Segment Start: Data under study

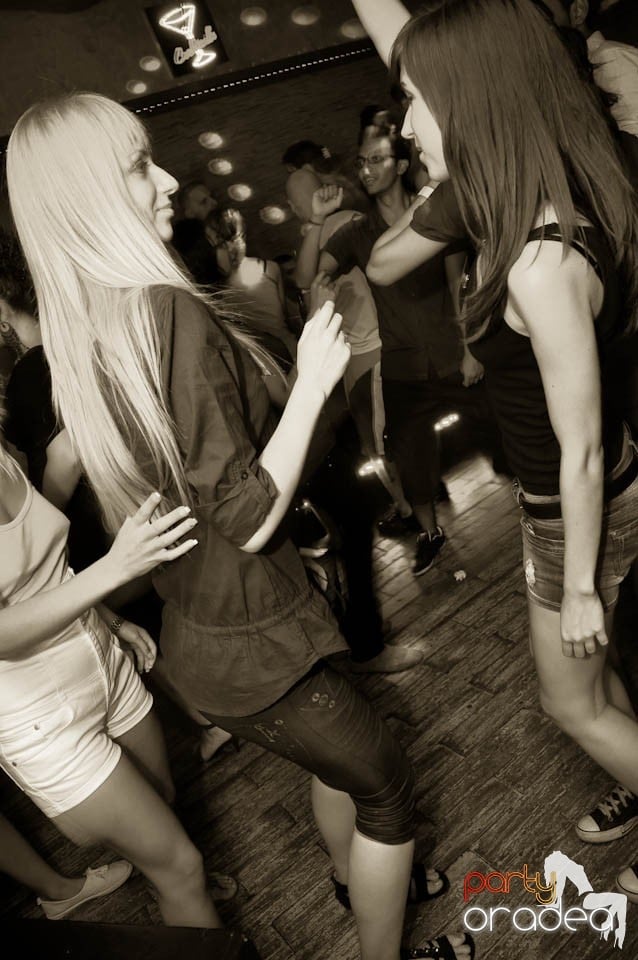 Începe distracţia în Club Downtown, 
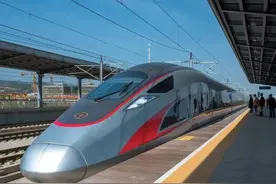 G679太原南至深圳北，京广高铁上开启路霸，用时8小时，二等座943图片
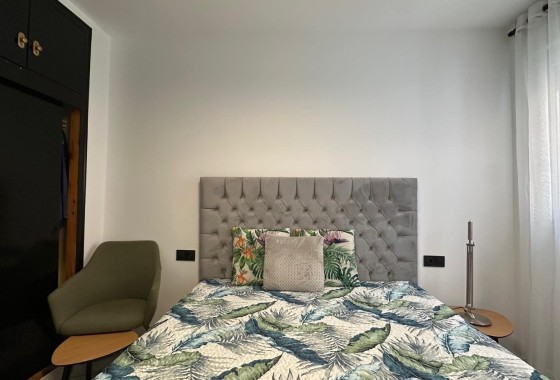 Revente - Appartement -
Torrevieja - Playa del Cura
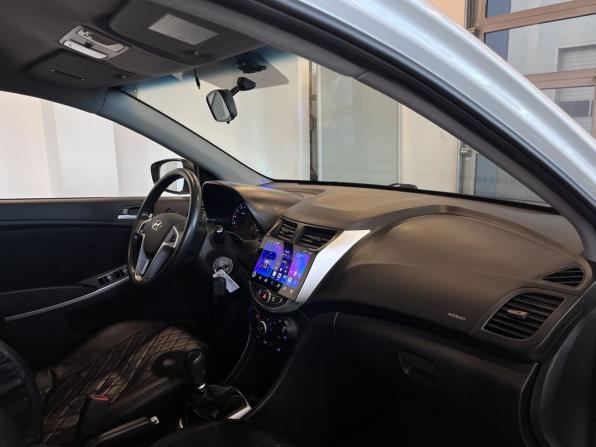 Hyundai Solaris I с пробегом 2013 года, цена 600 000 рублей, 217971 км, седан, Автокод Объявления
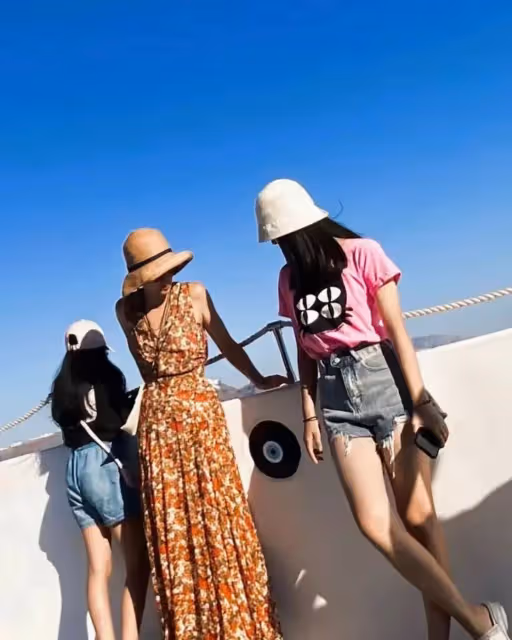 馬伊琍攜倆女兒出行,姐妹倆亭亭玉立好時髦,愛馬像爸妹妹像媽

Segment End: Data under study

Give back the data exactly. Skip any images.

## Response to the exercise
 Începe distracţia în Club Downtown, 
 G679太原南至深圳北，京广高铁上开启路霸，用时8小时，二等座943图片
 Revente - Appartement -
Torrevieja - Playa del Cura
 Hyundai Solaris I с пробегом 2013 года, цена 600 000 рублей, 217971 км, седан, Автокод Объявления
 馬伊琍攜倆女兒出行,姐妹倆亭亭玉立好時髦,愛馬像爸妹妹像媽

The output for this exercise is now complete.